“Are you still morally flexible?”
‘Cobbler’ follows a simple thread, observing the lives of the brothers McGill as they proceed absent one from the other. For Jimmy it means an end to the moral code he tried to follow to win Chuck’s favor, something he now knows he could never obtain. He’ll keep being a lawyer, but he’ll do it his way, and he won’t pass up another duffel full of unmarked bills. There’s a seed of something more interesting there, though. Jimmy’s slide into the deep end of criminal law isn’t all about Chuck. It’s clear that his brother’s presence affects him when the elder McGill drops by an HHM staff meeting on the Sandpiper case, but it’s equally clear that Jimmy has begun to move on. Chuck may have pushed him back toward Slippin’ Jimmy’s old tricks, but it’s Jimmy himself who’s kept going.
Chuck’s lot is, if equally self-inflicted, a little easier with which to sympathize. Sure he’s a dick who ran his brother ragged even as he actively kept him from success and who now glosses over his cruelty with a blustery, “Good for Jimmy!”, but spend a minute with him as he stares at a ticking watch or slaps himself around when he can’t play ‘Sicilienne’ on the piano. He’s a man trying to fill a hole he didn’t expect to find, and he’s too sick to do it alone. Note Chuck’s jacket, smart and well-cut, the very thing for an elder statesman, but open it up and you’ll find it lined with tinfoil. It’s the same symbol that repeats when Jimmy gets his company car, the awkward transference of something that just doesn’t fit into a shell suggesting propriety.
‘Cobbler’ is a beautiful episode of television. The melancholy lighting and quiet focus of Chuck’s session at the piano, the stretched angles and delightfully unusual plucking soundtrack of the conference room scene, the classic Breaking Bad coffee cup holder shot; the list goes on. Hell, this is a show that makes Ed Begley Jr. playing guitar in an office into a thing of quiet loveliness. Mike’s trip to the upholsterer’s workshop finds visual adventure in the pulse and ratchet of sewing machines and the intersection of car and body, Mike’s car framing and dissecting his conversation with Nacho as it blocks bodies, provides a resting place for hands, and serves as a distraction for Nacho’s affable father.

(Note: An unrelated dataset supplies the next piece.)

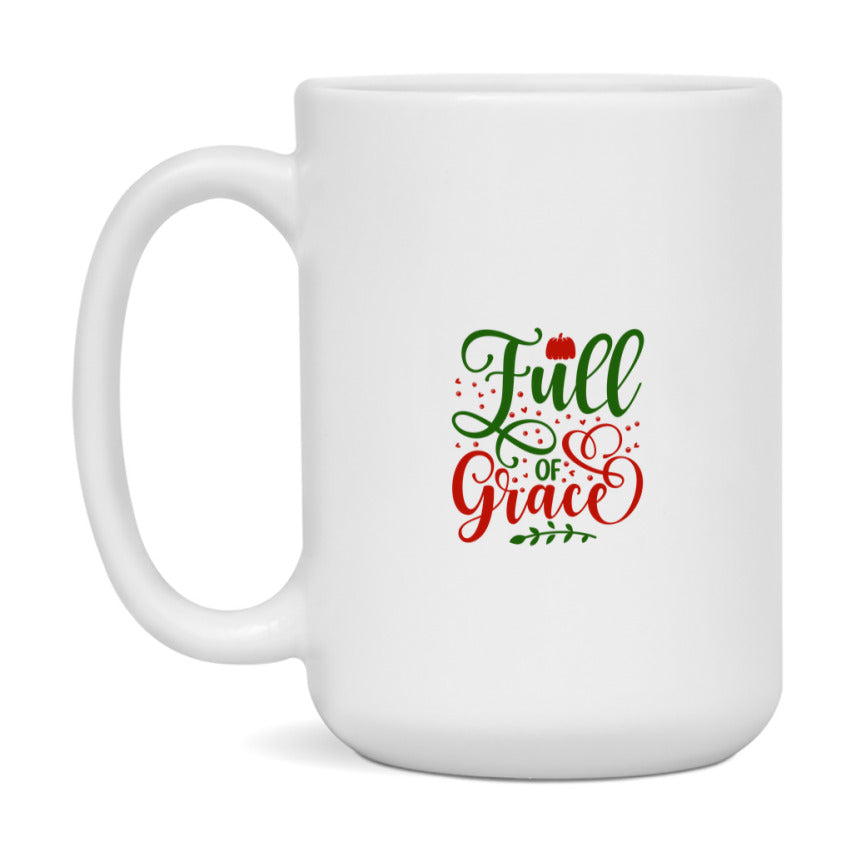 Full Of Grace Mug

Mike’s subplot, in which he deals with the infuriating Mr. Wormald’s obstinate idiocy, is a great showcase for the none-better Jonathan Banks, whose ability to appear done with somebody’s shit is unparalleled. It’s also a brilliant way to show Jimmy starting his career as, in his own words, a “criminal” lawyer. There’s nothing momentous about it. No huge neon sign proclaiming the arrival of Saul Goodman. Just three guys in a room, some cheap coffee, and a story about a man who recordings himself squishing his butt into pies while whining and crying. It’s a smart way to handle the character’s evolution, playing to the easy slide instead of the momentous break with old ways. The aftermath in which Kim’s amusement at Jimmy’s story transmutes into hesitation and then distaste when he reveals his shady methods feels wrigglingly uncomfortable, a small personal breakage constructed with intimate craftsmanship. You can see part of Jimmy die when she tells him how she feels about his stunt.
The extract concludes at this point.